Finding a place to fit in and have a sense of belonging means being accepted despite your flaws or idiosyncrasies. When someone has had to go through life with their defenses up to ward off bullies, it may require a few extra ‘takes’ for people to connect the dots and come to understand who you are and what you’re about.
This youth-created video, The Boom HD, demonstrates how with a little practice and perhaps some do-overs, caring adults and positive, peer role models can help a young person who’s been bullied and ostracized throughout their short lives find a place where it’s ok to be who you are; flaws and all.

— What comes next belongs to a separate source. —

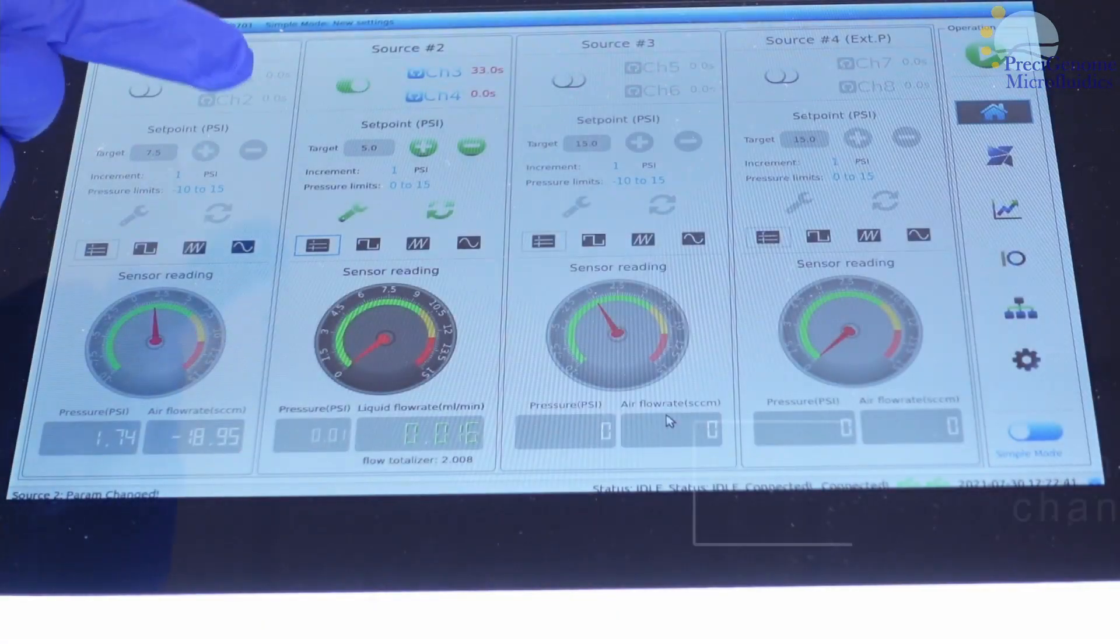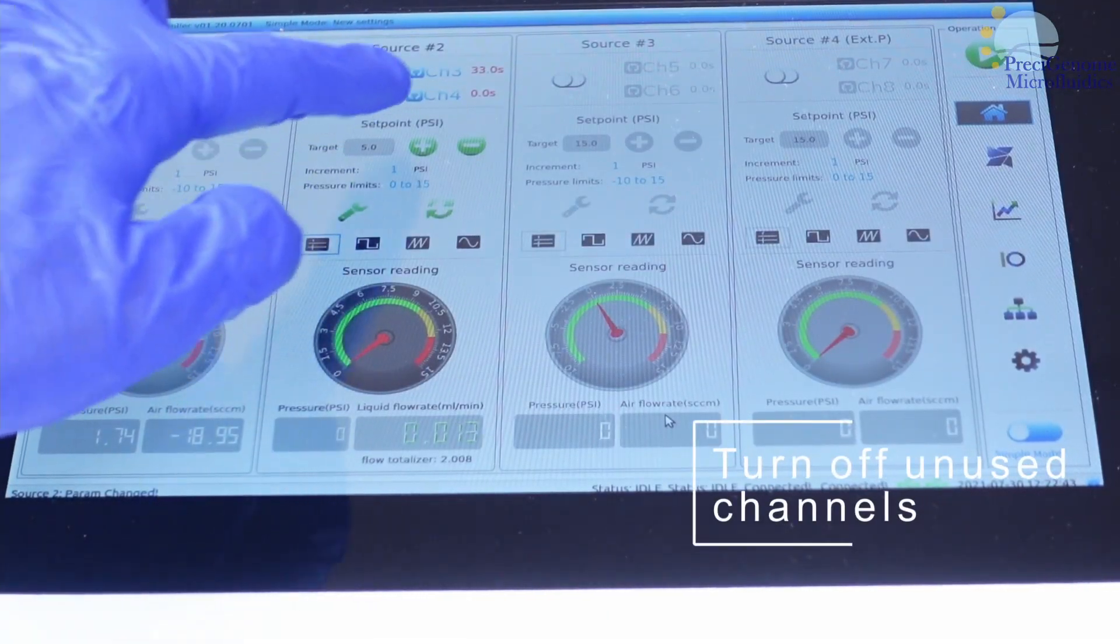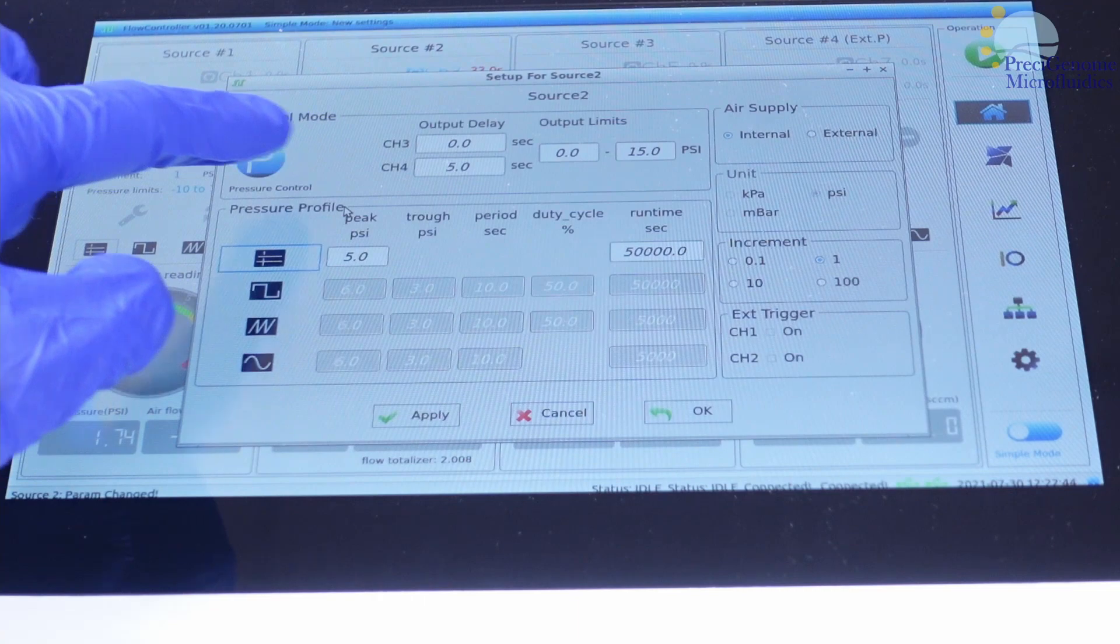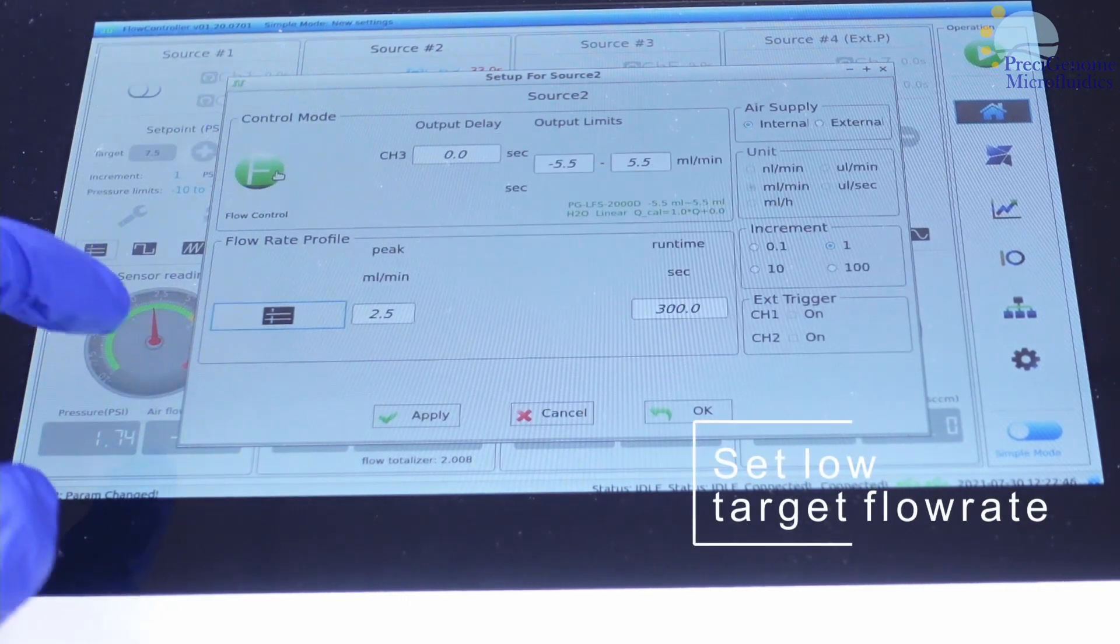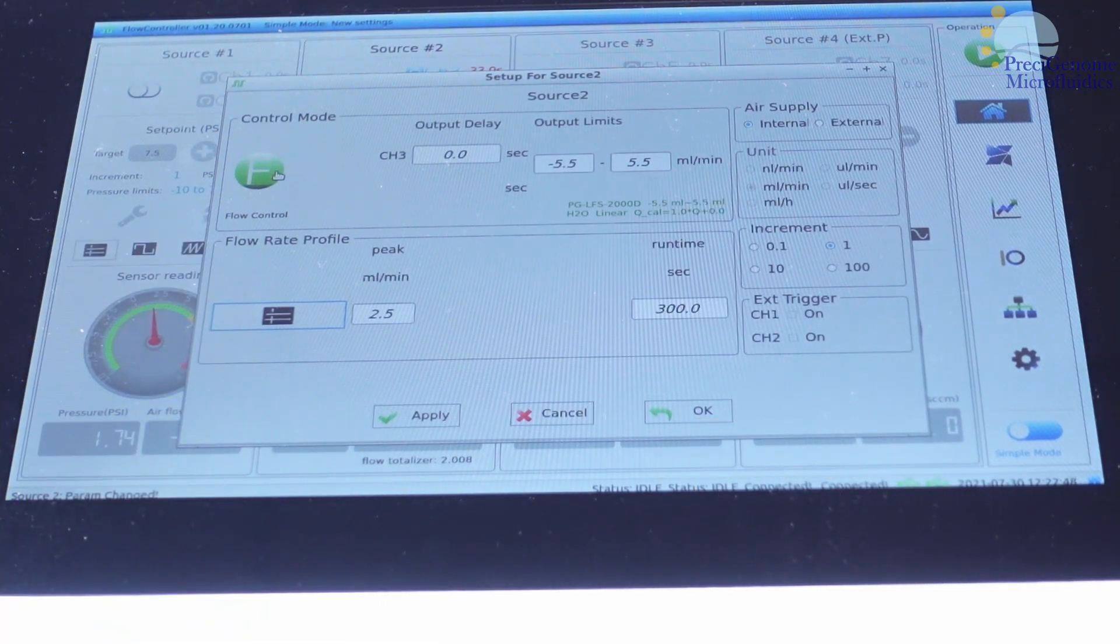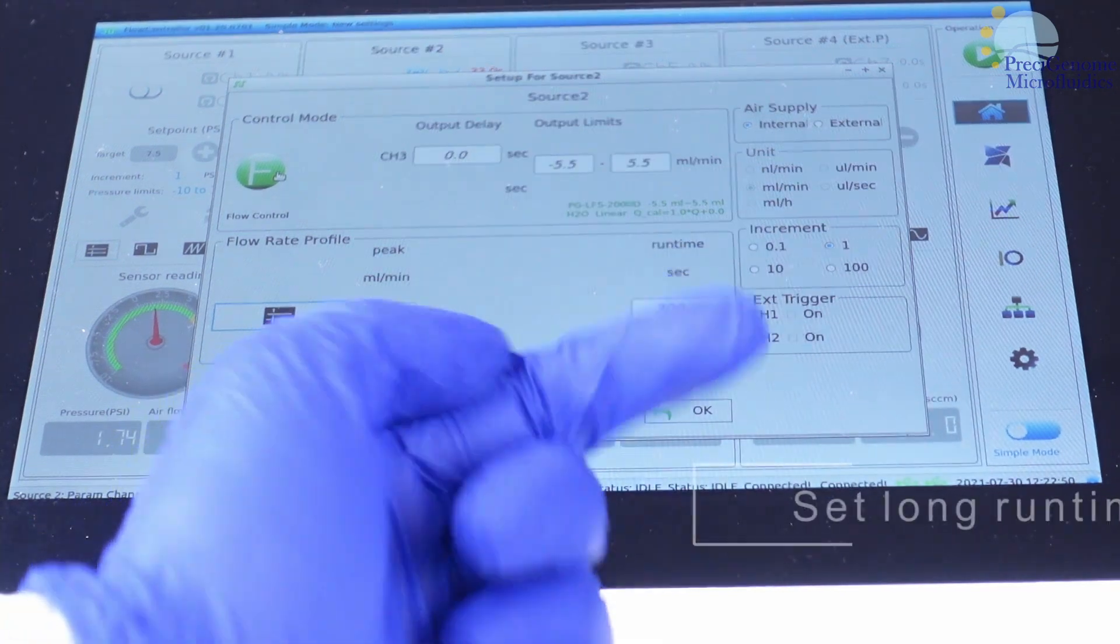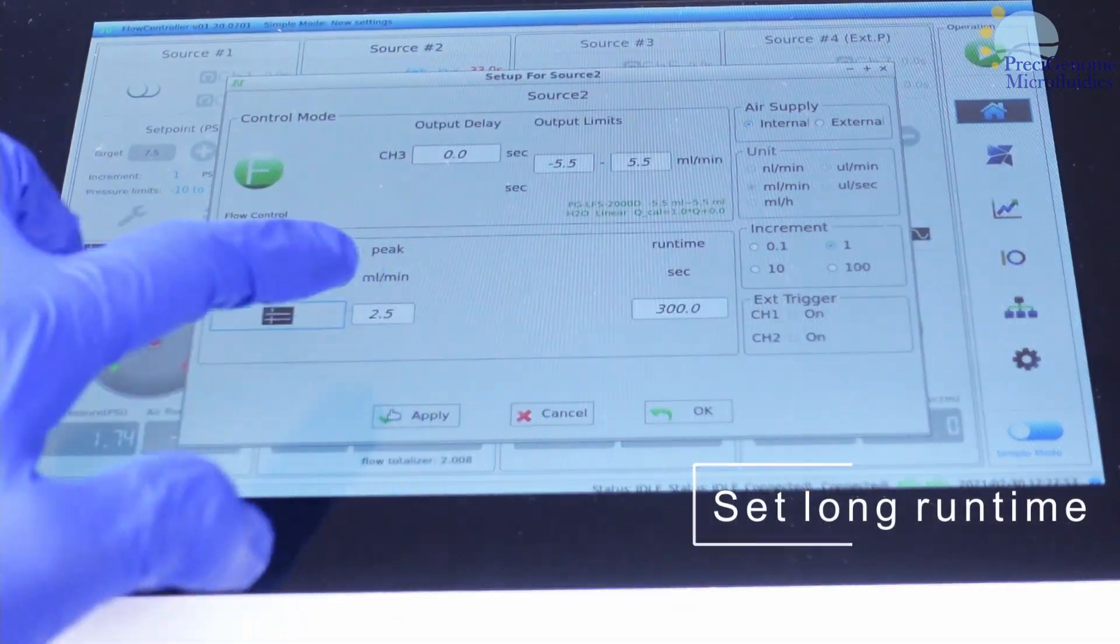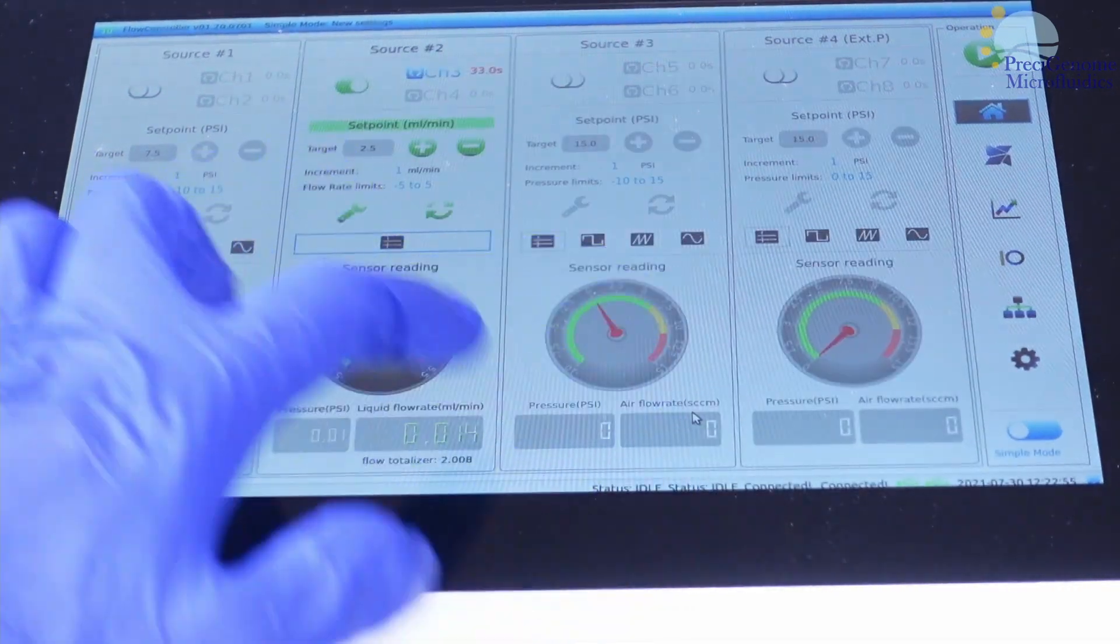Turn off any unused channels. Keep your target flow rates relatively low and your run times high. We don't want to end our assays early, and we want flow rates that are easy to reach.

Thankfully this bullied youngster has found a refuge where acceptance is experienced and new friends who offer support and guidance have been made. Stepping Stones is a drop in center for teens located in Carbondale, CO where they offer a comforting level of understanding and patience for any and all teens who want to hang out. It may be safe to say that Stepping Stones has been a life saver for this particular film maker.
This is not lost on the parents as they, too, have struggled with how to help their child have the resilience and courage to endure what has been an on-going issue for them. They expressed their heartfelt gratitude for the safe haven of Stepping Stones, as well as for Garfield County PREP, in providing an opportunity for their child to express; in a creative, positive, empowering outlet such as film, what it feels looks and sounds like to be bullied. The effect was not lost on the audience who was visibly moved by watching this story unfold.
The same kids who created the films have also found a creative outlet in the music class at Stepping Stones led by Mack Bailey, a professional musician and performer. Prior to the showing of this and the other two films, Beauty and Love, the film-makers entertained the audience with a few musical numbers. I knew the class was a success when after the first number The Boom HD creator leaned over to Mack, gave a fist bump and emphatically exclaimed, “That was fun!”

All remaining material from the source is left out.